In the past such finely divided ion exchange materials have been produced by grinding or otherwise physically reducing the size of ion exchange particles produced by conventional processes involving the separate steps of polymerization--most commonly suspension polymerization--and functionalization.
Schultz and Crook (I & EC Product Research and Development, Vol. 7, pp. 120-125, June, 1968) have produced particles of ground ion exchange resin with average diameters of one micron or smaller, but the particles are not spherical, and the range of diameters within a given sample of such materials is large, i.e., the particles are not uniformly sized. Even though large particles may constitute only a small fraction of the total number of ground particles, they represent a much larger fraction of the sample weight. As a result, such ground resins exhibit settling of a significant fraction of the ion exchange material weight from aqueous suspension.

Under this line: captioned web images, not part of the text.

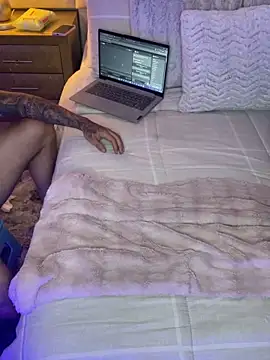 Sweet and caramel online show from October 31, 12:18 am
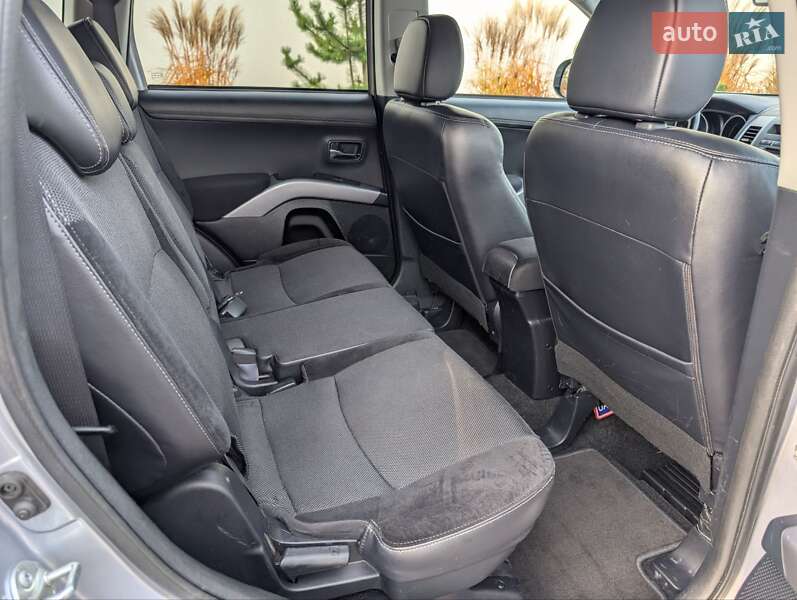 Внедорожник / Кроссовер Mitsubishi Outlander XL 2012 в Луцке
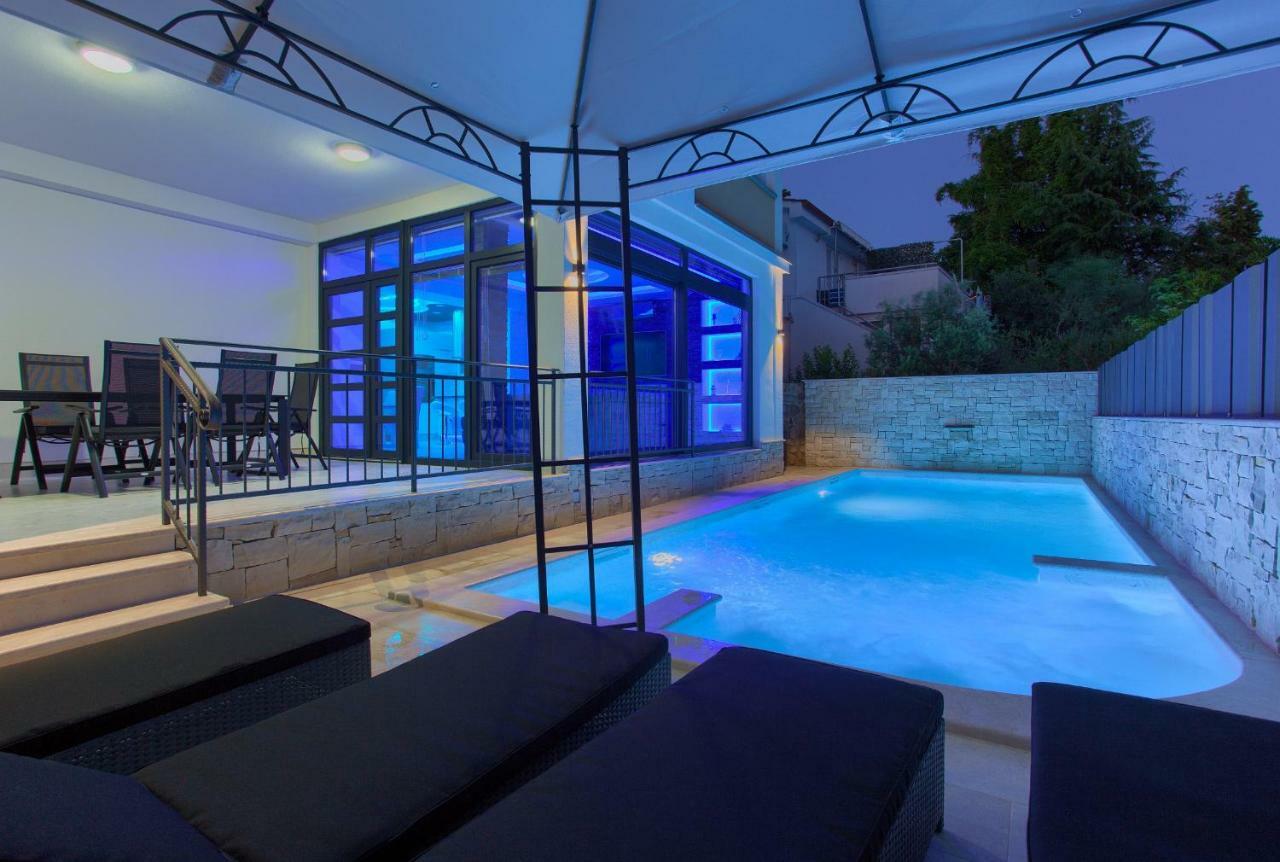 Luxury Vall Apartment Krk Town Eksteriør billede
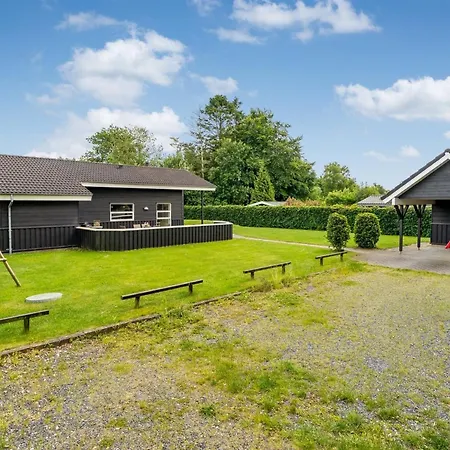 Karstina - 1km From The Sea By Interhome Feriehus *
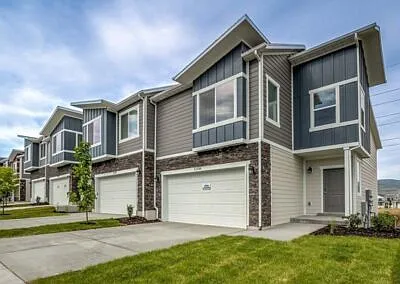 Diamond Ridge Townhomes — Photo 2
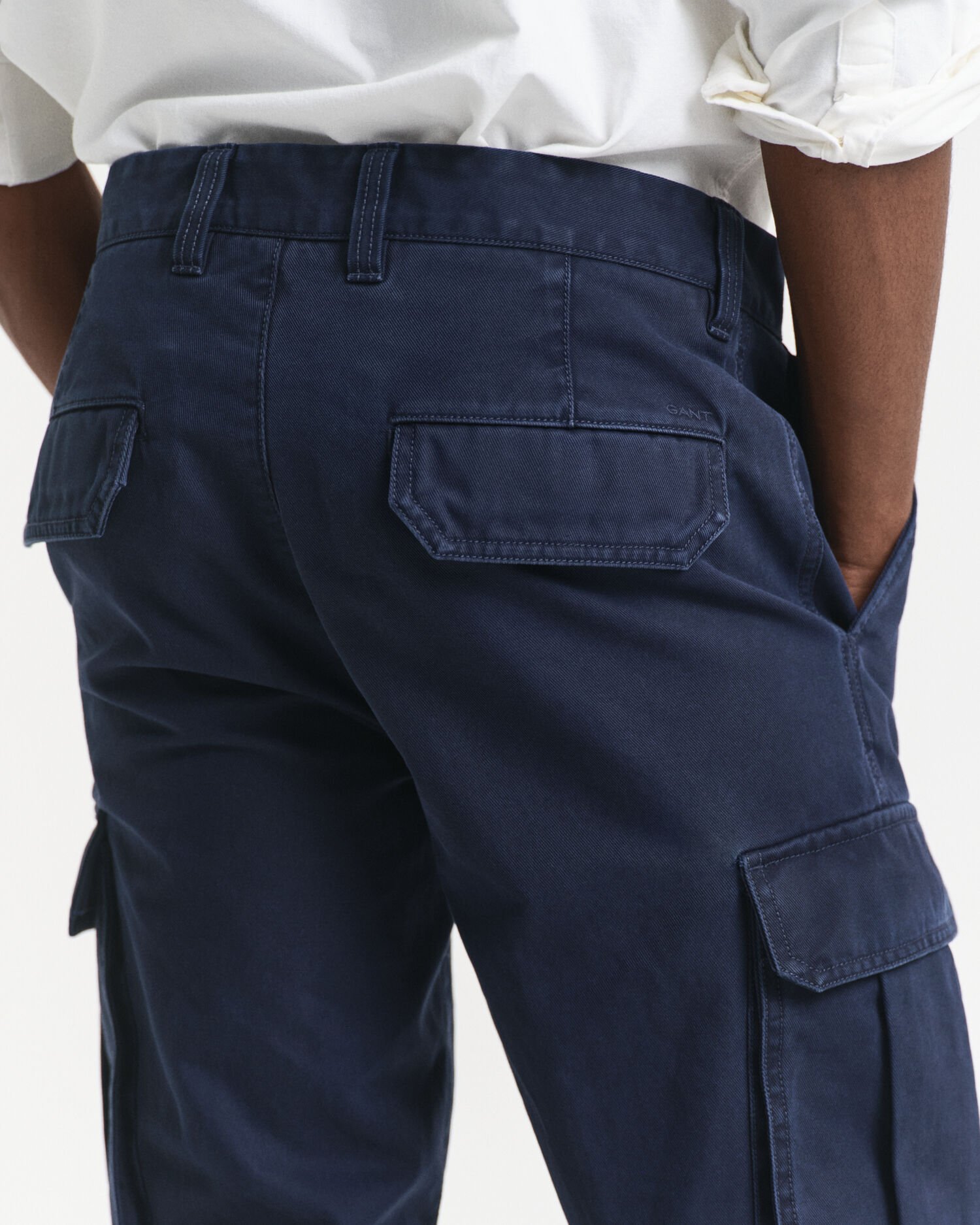 Pantalon cargo coupe regular en sergé de coton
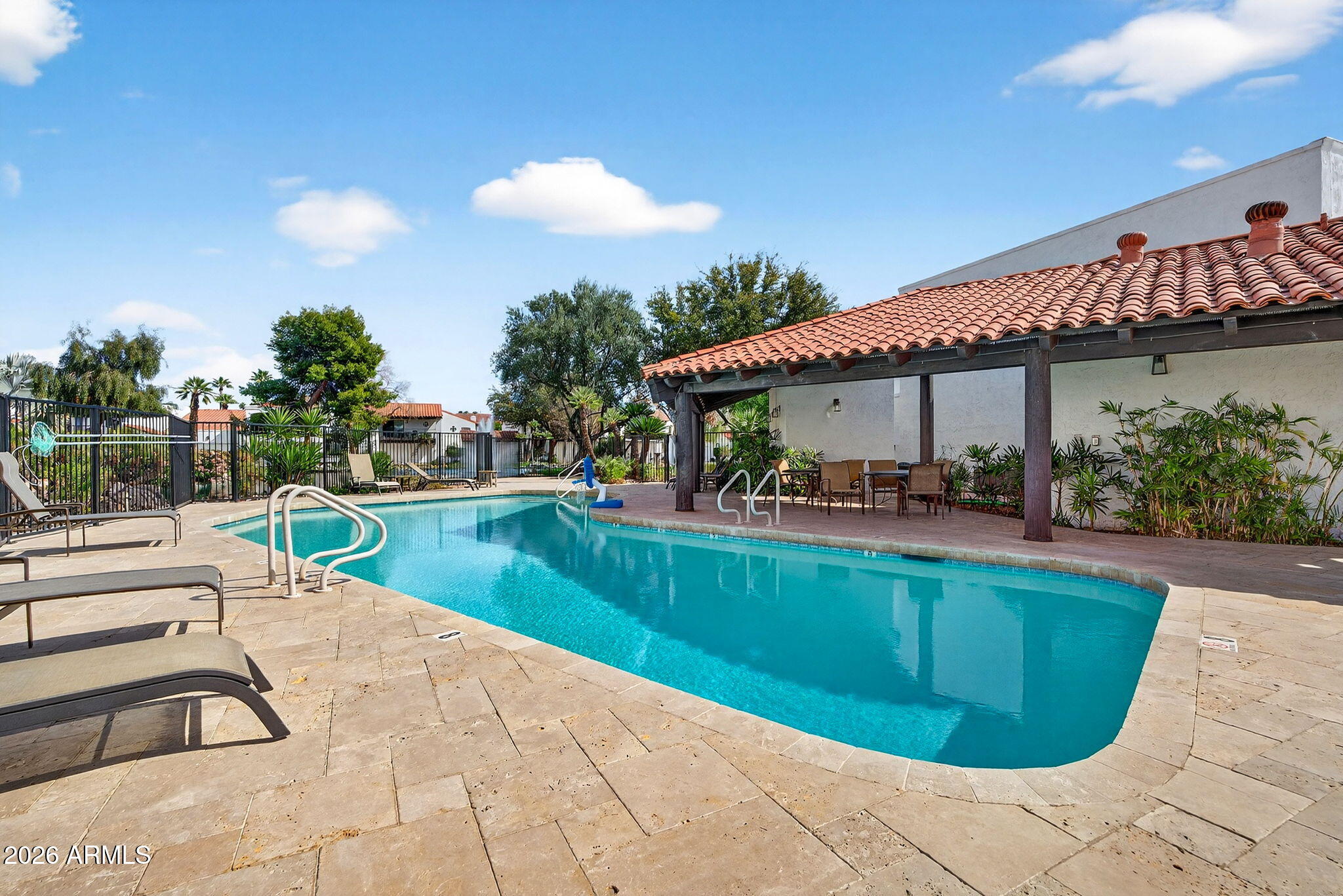 77 E MISSOURI Avenue 27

Suspension polymerization involves suspending droplets of organic liquid containing monomers, polymerization initiators and suspension stabilizers in an aqueous-phase medium. The droplet size, largely a function of agitation rate, controls the final polymer particle size, which normally ranges down to about 40 micrometers, although sizes down to 5 micrometers (U.S. Pat. No. 3,357,158) or 10 micrometers (U.S. Pat. No. 3,991,017) have been disclosed. Ion exchange materials have also been produced by bulk polymerization. Physically reducing the particle size of such polymers in bulk or bead form to sub-micron sizes is difficult and expensive, and produces material with undesirable physical characteristics such as irregular particle shape and broad particle-size distribution. It may also produce undesirable heat degradation of the resin.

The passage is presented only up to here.